彼らからの刺激とメタボへの危機感が起爆剤となり、私自身も今年に入りランニングを始めました。当初は週末に家の周りを軽く走る程度でしたが、今では平日も週一での夜の皇居1周が定例化する等、日増しに熱が高まっています。この取り組みの中で、まず驚かされたのはランニング人口の多さです。休日に自宅の周りを走っていると数分に一人はランナーとすれ違いますし、夜の皇居に至ってはピーク時には3500人が走っているとも言われるように、まさに肩が触れ合わんばかりです。あるスポーツ財団の調べによると、2010年の日本のジョギング・ランニング人口は推計で883万人、2006年(東京マラソン開催前)の605万人から大幅に上昇しているとのことです。

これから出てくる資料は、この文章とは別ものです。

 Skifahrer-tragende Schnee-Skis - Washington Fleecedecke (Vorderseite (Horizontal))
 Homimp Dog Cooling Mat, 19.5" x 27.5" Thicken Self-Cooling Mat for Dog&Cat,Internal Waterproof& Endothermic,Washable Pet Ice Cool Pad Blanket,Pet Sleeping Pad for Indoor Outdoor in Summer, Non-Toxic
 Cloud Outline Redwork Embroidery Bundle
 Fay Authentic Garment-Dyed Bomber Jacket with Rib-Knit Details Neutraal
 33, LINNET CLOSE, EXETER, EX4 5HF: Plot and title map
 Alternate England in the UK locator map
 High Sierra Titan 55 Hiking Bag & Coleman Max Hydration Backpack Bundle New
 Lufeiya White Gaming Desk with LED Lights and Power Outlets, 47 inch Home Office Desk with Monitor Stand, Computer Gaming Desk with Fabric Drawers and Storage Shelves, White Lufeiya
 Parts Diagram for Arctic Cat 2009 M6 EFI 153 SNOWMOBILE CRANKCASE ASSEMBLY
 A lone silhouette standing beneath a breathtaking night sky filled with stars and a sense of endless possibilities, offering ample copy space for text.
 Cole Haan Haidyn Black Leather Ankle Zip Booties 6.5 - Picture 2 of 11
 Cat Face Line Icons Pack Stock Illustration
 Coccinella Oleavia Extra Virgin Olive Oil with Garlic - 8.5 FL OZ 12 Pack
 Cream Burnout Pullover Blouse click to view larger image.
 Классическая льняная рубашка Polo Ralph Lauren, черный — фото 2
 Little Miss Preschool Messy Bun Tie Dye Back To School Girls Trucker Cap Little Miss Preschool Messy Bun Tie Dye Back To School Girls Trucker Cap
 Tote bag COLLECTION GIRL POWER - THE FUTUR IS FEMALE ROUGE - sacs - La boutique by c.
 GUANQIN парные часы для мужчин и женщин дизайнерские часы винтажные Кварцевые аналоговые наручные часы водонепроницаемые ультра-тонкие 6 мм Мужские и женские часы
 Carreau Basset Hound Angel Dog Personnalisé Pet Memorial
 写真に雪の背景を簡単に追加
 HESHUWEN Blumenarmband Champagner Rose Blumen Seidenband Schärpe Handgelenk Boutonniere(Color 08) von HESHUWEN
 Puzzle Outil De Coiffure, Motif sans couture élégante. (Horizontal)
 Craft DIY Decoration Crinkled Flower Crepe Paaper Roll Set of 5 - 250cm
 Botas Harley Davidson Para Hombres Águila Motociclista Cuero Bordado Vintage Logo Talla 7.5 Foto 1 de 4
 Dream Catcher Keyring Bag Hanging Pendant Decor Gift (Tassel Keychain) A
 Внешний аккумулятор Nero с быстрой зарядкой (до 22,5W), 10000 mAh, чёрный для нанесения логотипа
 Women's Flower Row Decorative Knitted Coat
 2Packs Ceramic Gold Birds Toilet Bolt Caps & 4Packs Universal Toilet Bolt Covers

さて、こうした健康志向の流れは、世の中の経済活動にどのような影響を及ぼしているのでしょうか。私自身の消費行動を振り返ってみても、今年に入り休日にスポーツショップに顔を出す頻度が激増している他、皇居ランニング時にはランナー向けシャワー施設の利用、同僚と走るのであればその後の飲食代等、無意識のうちにかなり出費が嵩んでおり、増え続けるランニング人口が同様の消費行動を取った場合にその経済効果たるやかなりのものではと推察されます。
スポーツ愛好家としての我々個人がイメージすることは困難ですが、スポーツを「市場」として捉えた場合、2010年で合計3.3兆円もの市場規模があり、その内訳はスタジアム観戦市場で6000億円、用品購入市場で1,2兆円、施設利用・会費市場で1.5兆円となっています。そのなかには例えばゴルフ、スキーのように景気変動や天候の影響を受けるもの、或いは上述のランニングに加え「山ガール」が話題の登山等、近年右肩上がりに伸びているものが混在しており、私たちがアナリストとして接触する小売り、サービス業界の企業も、トレンドを敏感に察知するなかで売り場の配置やサービス内容を柔軟に調整し、収益向上につなげております。
スポーツ市場の長期的展望を行う上での興味深いデータとして、いわゆる定期的に何らかの運動をおこなっているスポーツ人口比率は20代が37.7%, 40代が42.8%, 60代になると74.9%と年齢を追うごとに増加しており、スポーツ業界は来るべく人口高齢化社会に向けた成長産業と見ることもできます。私自身の経験として、こうしたスポーツに対する出費は何かしら爽快感があり、企業側としても消費者心理の巧みな分析を通じ、効果的な商品・サービスの設計と価格設定を行えば、今後大きく収益を伸ばすことは十分に可能と感じます。
私自身もランニングによるシェイプアップで、頭も体も引き締まってきました、こうした中長期のトレンドを的確に掴み収益を大きく伸ばせる「隠れた優良株」の発掘に全力で取り組みたいと思います。